Madrid - Espagne, le mardi 5 octobre 1999
Monsieur le Président du Gouvernement, cher ami,
Messieurs les Ministres,
Monsieur le Président de la CEOE,
Monsieur le Président du MEDEF,
Mesdames et Messieurs les chefs d'entreprise espagnols et français,
Mesdames et Messieurs,
Je voudrais tout d'abord remercier les organisateurs de cette manifestation et saluer tous les chefs d'entreprise espagnols et français qui ont participé à cette rencontre.
Et je suis heureux de conclure, avec vous, Monsieur le Président du Gouvernement, ces échanges qui ont permis de faire le point du travail accompli par nos entreprises, de réfléchir sur la compétitivité de nos économies, dans un monde ouvert, et de jeter les bases d'une coopération plus ambitieuse que justifient l'importance croissante de nos intérêts économiques et aussi le caractère de plus en plus étroit et chaleureux de notre relation politique.

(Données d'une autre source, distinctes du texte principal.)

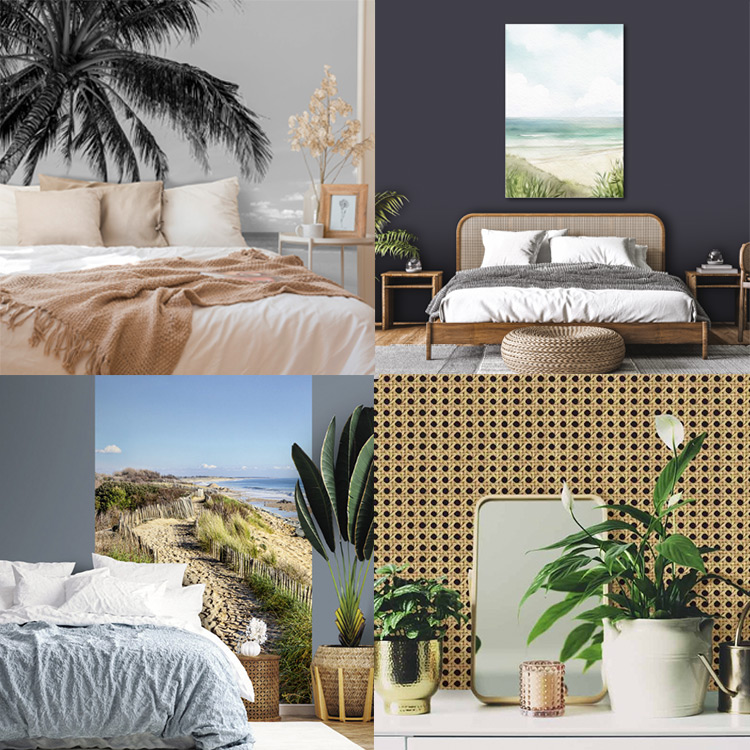 4 idées de décoration pour chambre parentale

Avant d'aborder avec vous l'Europe économique et sociale que nous voulons construire ensemble, et qu'a parfaitement définie à l'instant le Chef du Gouvernement , je voudrais évoquer notre relation bilatérale.
Une relation bilatérale qui s'est profondément transformée au cours de ces dernières années parce que nos deux pays ont profondément évolué et qu'ils ne se regardent plus de la même façon.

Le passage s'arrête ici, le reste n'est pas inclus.